Image-text web data
★ ★ ★ ★ ★ ★ ★
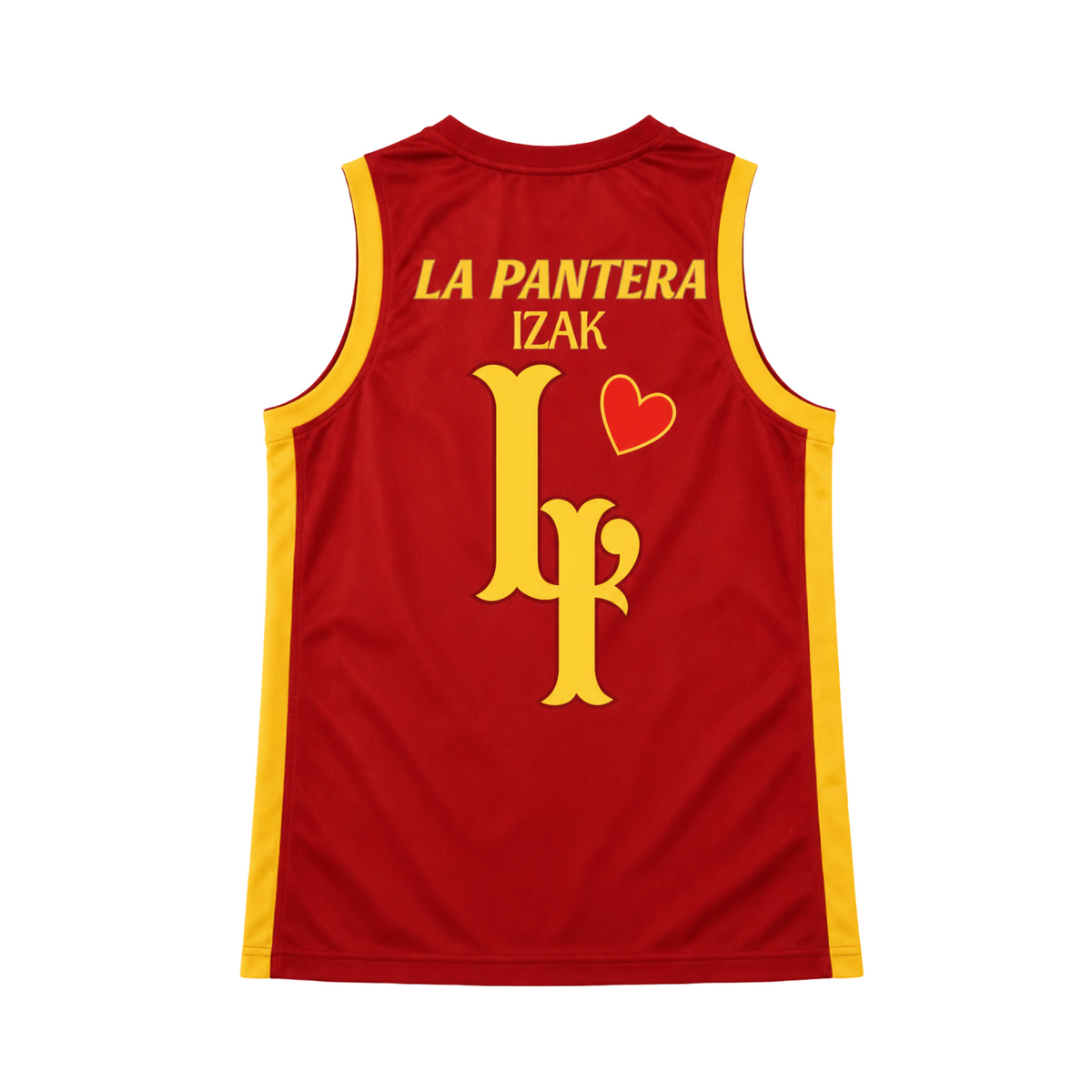 La Pantera Camiseta Custom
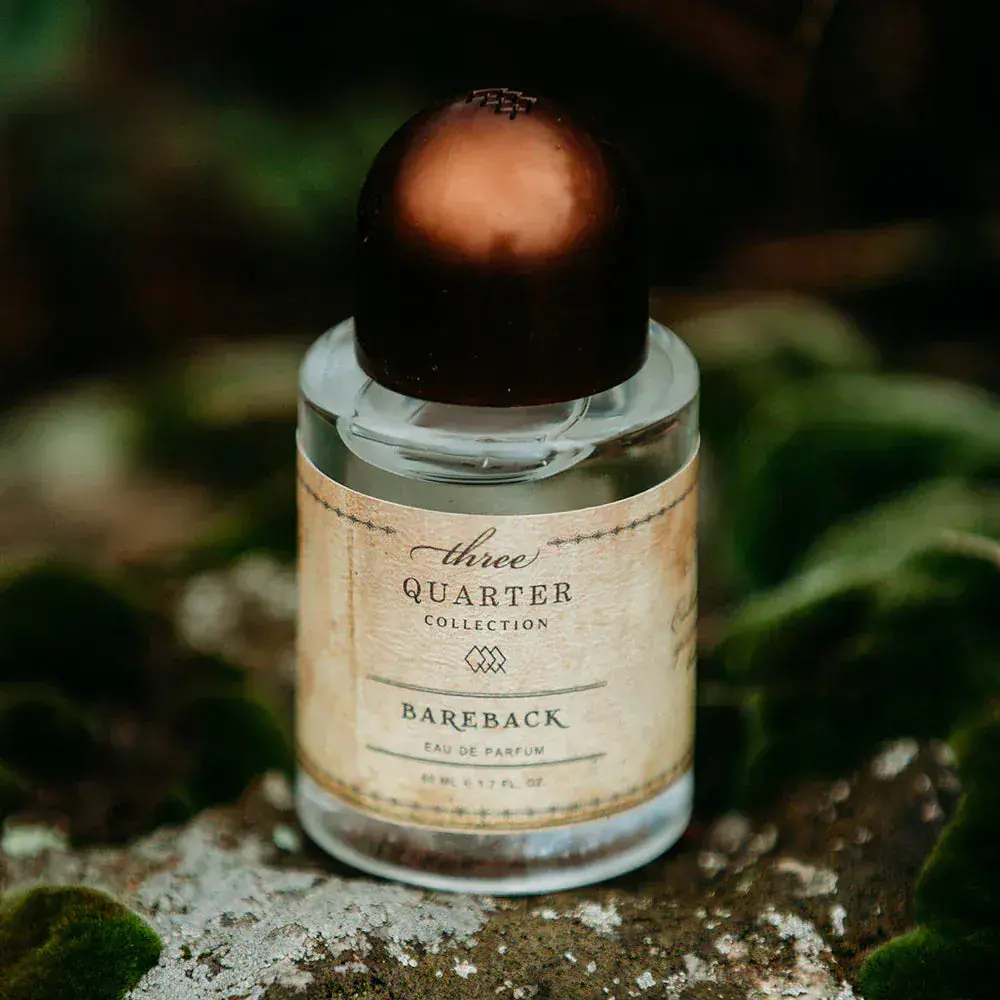 Bareback Perfume By Three Quarter Collection Eau De Parfum 1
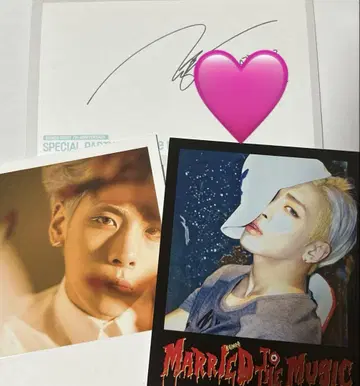 SHINee 종현 폴라로이드 카드 엽서 Blu-ray 세트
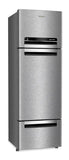 Whirlpool 300L Triple-Door Refrigerator, 6th Sense Active Fresh (FP 343D PROTTON ROY ALPHA STEEL (20817))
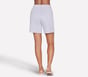 SKECH-SWEATS 5 Inch Short, LAVENDER / LIGHT PINK, full image number 1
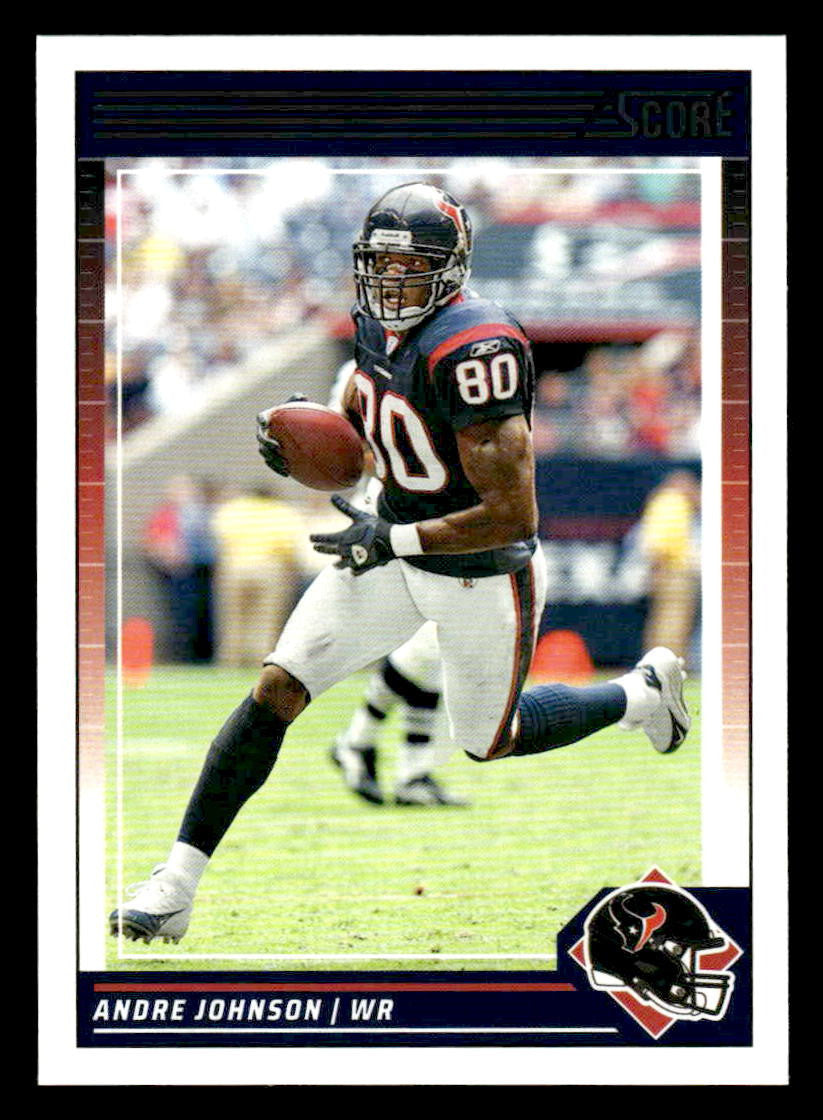 2024 Score #117 Andre Johnson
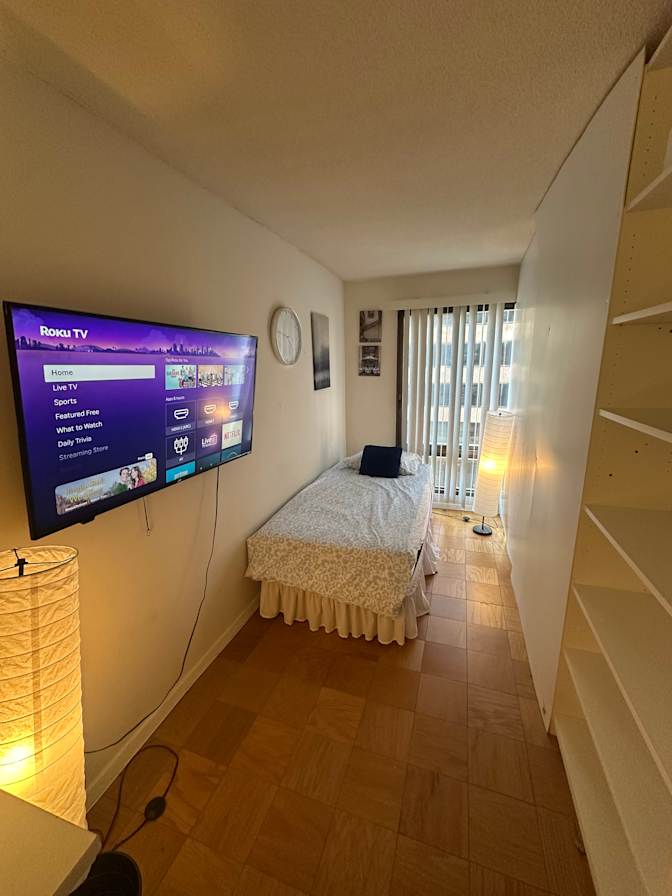 Tim's room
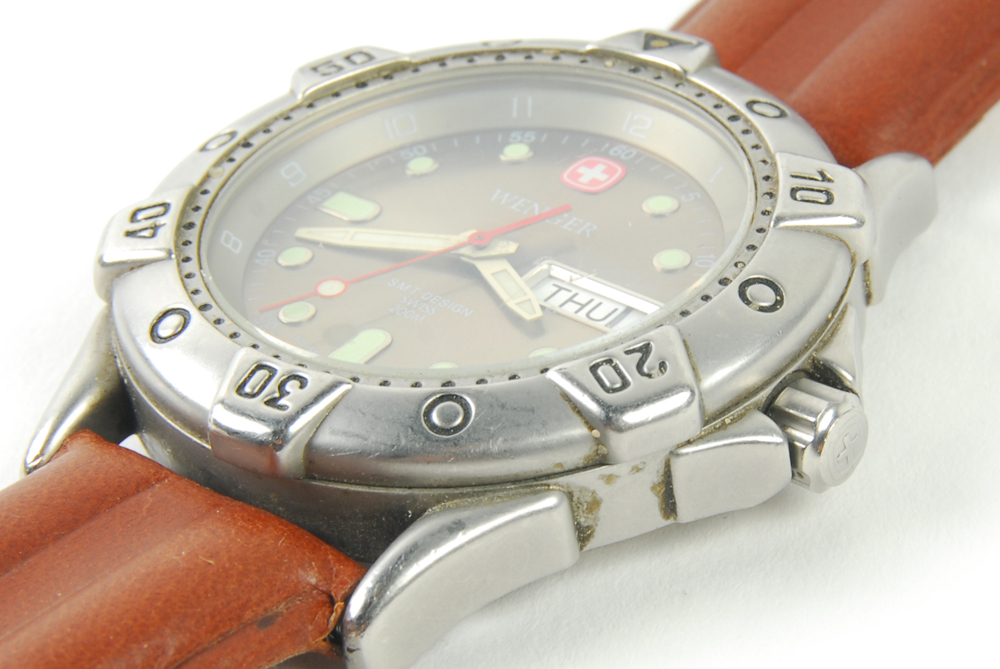 Wenger and Swiss Army Watch Collection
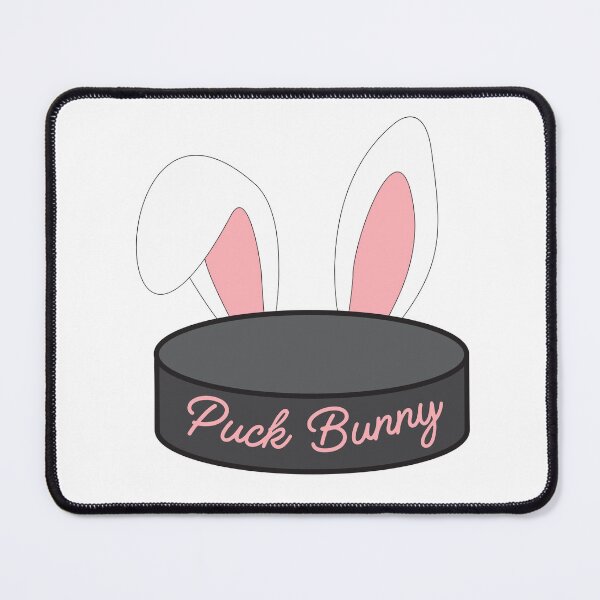 Item preview, Puck Bunny designed and sold by earthtokarly.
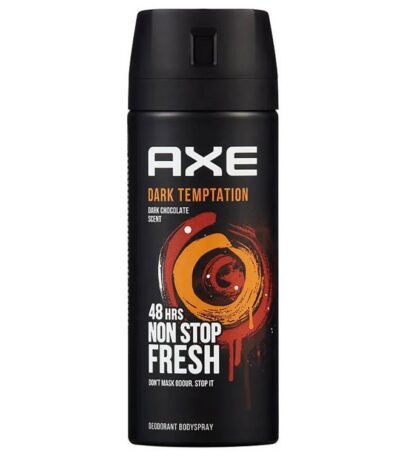 AXE Dark Temptation Deodorant Body Spray 150ml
★ ★ ★ ★ ★ ★ ★
# YOUR INSTRUCTIONS:
Write the lines from the one with "Bareback Perfume By" through the last line of the entries out again exactly, both ends included, and skip the pictures.

# OUTPUT OF THE TASK:
 Bareback Perfume By Three Quarter Collection Eau De Parfum 1
 SHINee 종현 폴라로이드 카드 엽서 Blu-ray 세트
 Whirlpool 300L Triple-Door Refrigerator, 6th Sense Active Fresh (FP 343D PROTTON ROY ALPHA STEEL (20817))
 SKECH-SWEATS 5 Inch Short, LAVENDER / LIGHT PINK, full image number 1
 2024 Score #117 Andre Johnson
 Tim's room
 Wenger and Swiss Army Watch Collection
 Item preview, Puck Bunny designed and sold by earthtokarly.
 AXE Dark Temptation Deodorant Body Spray 150ml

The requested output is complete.